I have been eyeing this bag ever since I saw it at SHOT Show in January. I finally got my hands on one, and wanted to give you a review, so here we go. I ordered this backpack from GunGoddess. The checkout process was easy and painless – I even used some of my rewards points, so I got it for 20% off and free shipping! The box arrived on my front porch in two days, and boy was I excited!
I first have to say that there is nothing “Mini” about the Mini Tobago. This is not a tiny bag. It’s still definitely a daypack, and not a weekend pack, but there are plentiful pockets, and zippered compartments to keep all kinds of gear organized.
I ordered the version that was gray with pink stitching, and it is much prettier in person than the photos online. I have a Voodoo Tactical bright pink range bag, and although I love that bag and have gotten lots of use from it, this backpack is beautiful in a more subdued and subtle way. It’s still a little feminine, but it just doesn’t scream about it, like the hot pink bag does.

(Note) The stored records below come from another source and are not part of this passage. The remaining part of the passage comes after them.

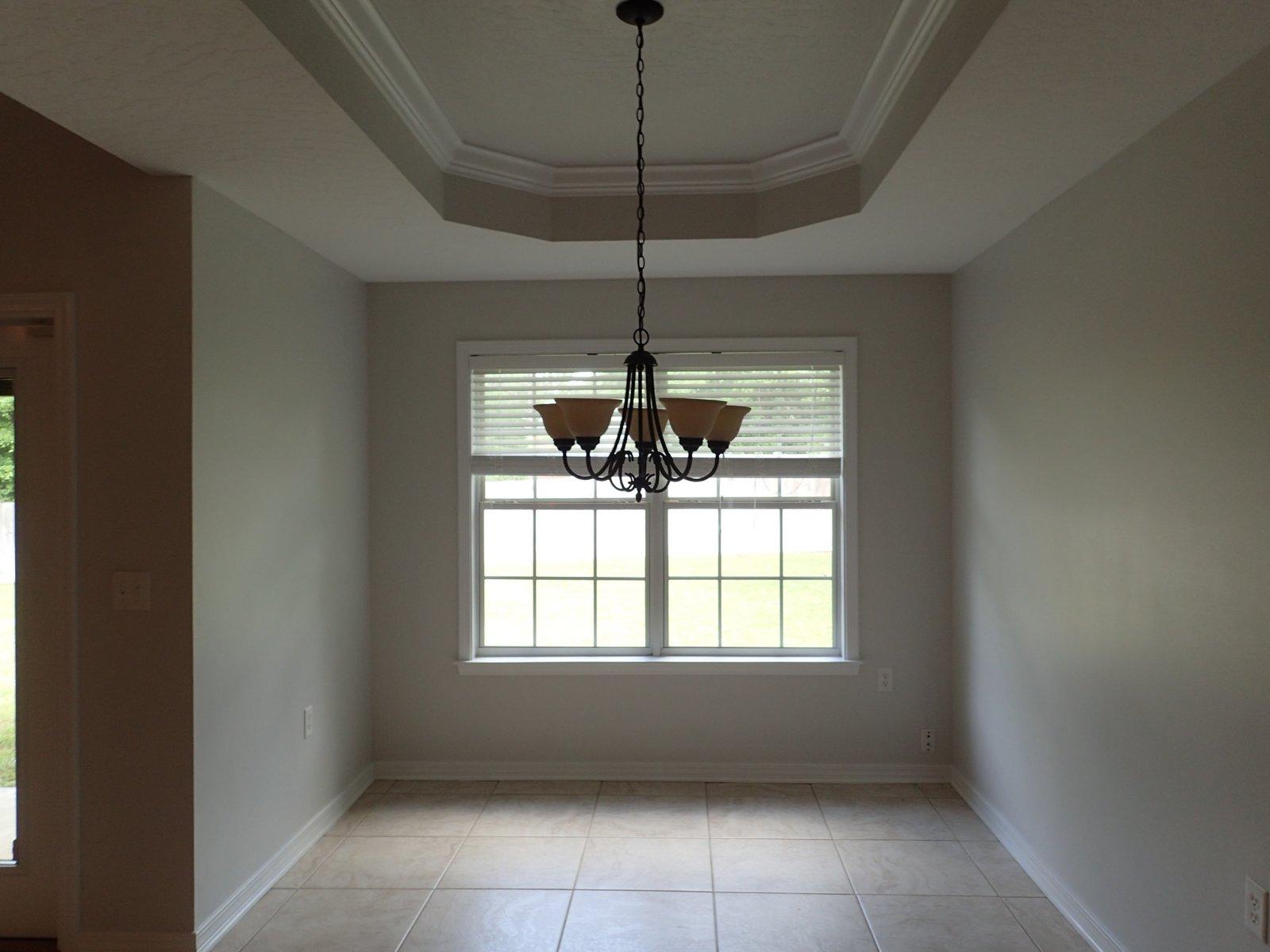 KUYKENDALL ESTATES - Residential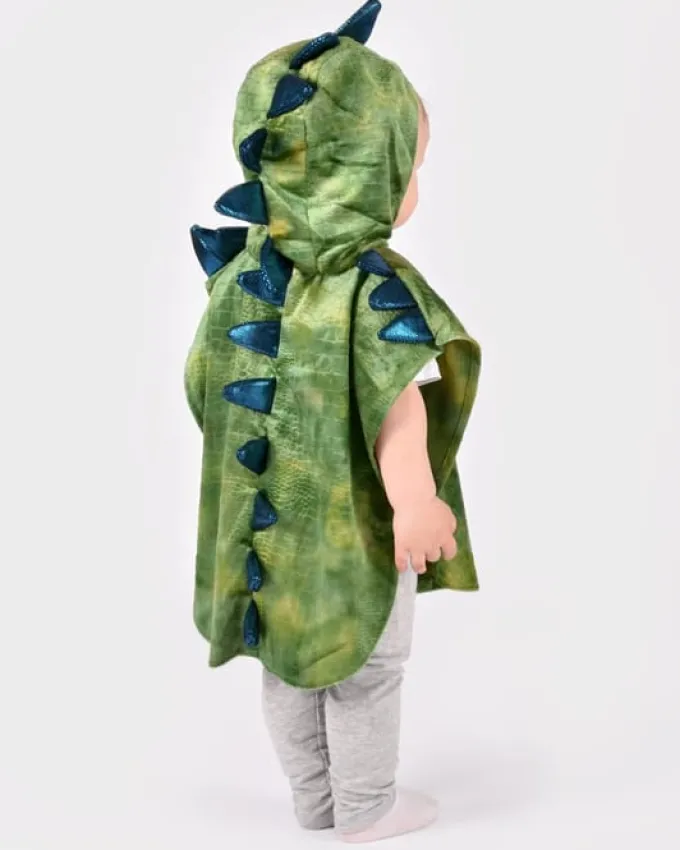 Dinosaurier, 1-4 Jahre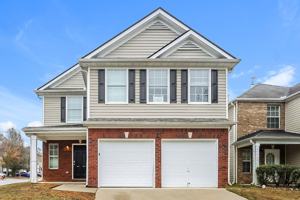 featured image of 5848 El Segundo Way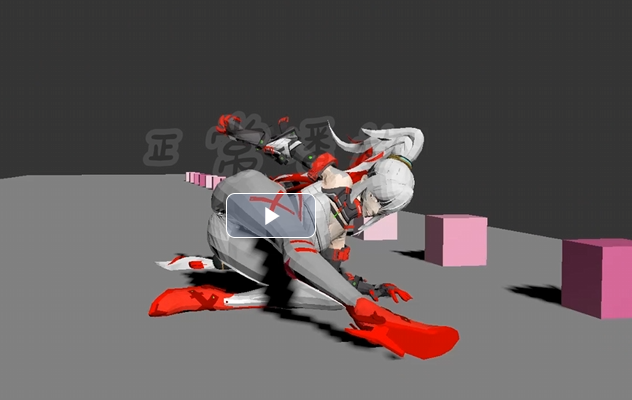 .PNG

This bag does have plenty of features that scream “badass” though – LOL – like accommodating a hydration system (which I don’t currently have, but have been meaning to investigate). The bag itself is made of heavy pack cloth (unlike the stinky vinyl type cheapo bags out there). There are heavy duty zippers with paracord pulls, multiple exterior pockets, and the pack is covered all over with webbing so you can attach exterior accessory pockets/bags if you wish. I may eventually do that with my trauma kit to make it more easily accessible.
There are mesh zippered interior pockets, and two of what I call “administrative panels”, (I’m not sure what you really call them.) You know – the place that has all the pen sleeves, and mini flapped or zipper pockets so you don’t lose your chapstick and your cough drops and your keys? Yeah that. There’s TWO of them. There is no dedicated key clip, but my keys are on a carabiner, so they were easily clipped to one of the several paracord interior zipper pulls, for ease of access. The exterior pockets and main compartment also have drain grommets at the bottom of each. I HOPE I don’t ever need those, but for those who do – this bag is prepared.
I hadn’t originally planned on using this backpack as a range bag, but since I had an IDPA match the day after the pack arrived, I thought I would give it a test run that way anyhow, just to see.
Pictured is the gear I took to the match. As you can see in the photos, just the bottom front pocket compartments held 4 magazines and 200 rounds of 9mm ammo. Granted, it was those little compact boxes of Sellier & Bellot, but 200 rounds is 200 rounds. The upper front compartment was roomy enough for my knife, a pen, my Surefire flashlight, sunscreen, hand wipes, a rain poncho, plus unused space. The main compartment held my pistol case, trauma kit, eye and ear pro, holster, and mag pouches. There was a still some room to spare there as well. The side pockets held my belt, snacks, and a water bottle. Actually, after I took the photo, I decided that since I was going to wear the belt anyway, I’d replace it in the side pouch with a second water bottle.
Though as I mentioned before, I was not originally planning to use this pack as a range bag, it nonetheless proved its storage capacity and weight-bearing capacity for me during this test. I usually struggle a bit with managing the weight and awkwardness of my heavy range bag – even with a shoulder strap. With this pack, between the top handle and the shoulder straps, lugging my gear around turned out not to be “lugging” at all. My shoulder didn’t hurt, and I didn’t have to hold my hip at an odd angle to balance the load, like I do for my regular range bag. The weight rested easily on my shoulders via the heavily padded shoulder straps. The area of the pack that rests against one’s lower back was also heavily padded. I had zero discomfort handling this pack all day. I’m even thinking this might become my new SHOT Show bag.
For a second test, I decided to take this bag for a day outing on a tour boat. The pack accommodated a soft insulated cooler – containing my shrimp, pasta salad, homemade bread, and wine slushie (I was treating myself for Independence Day), a shemaugh and bandana (for tablecloth and napkin), and extra water bottles, with room to spare.
For a third test, I took this pack for a state park trail hike, and then a lake beach stop. The pack easily held two water bottles, my lunch, park maps, beach blanket, etc. As well as the knife, flashlight, hand wipes and other miscellaneous “be prepared” supplies that I left in the pack from the last range trip. The padded shoulder straps were quite comfortable during my hike, and the adjustable chest strap/buckle ensured that the straps didn’t slip around.
My final analysis is that the Voodoo Tactical Mini Tobago Pack has proven itself to be a great all-around, multi-purpose day pack. It is sturdy and roomy, without being so oversized as to be unwieldy for grab-and-go use. But it also has the features of a much larger “tactical” pack, making it capable and organized where other daypacks fail. I give it two enthusiastic thumbs up.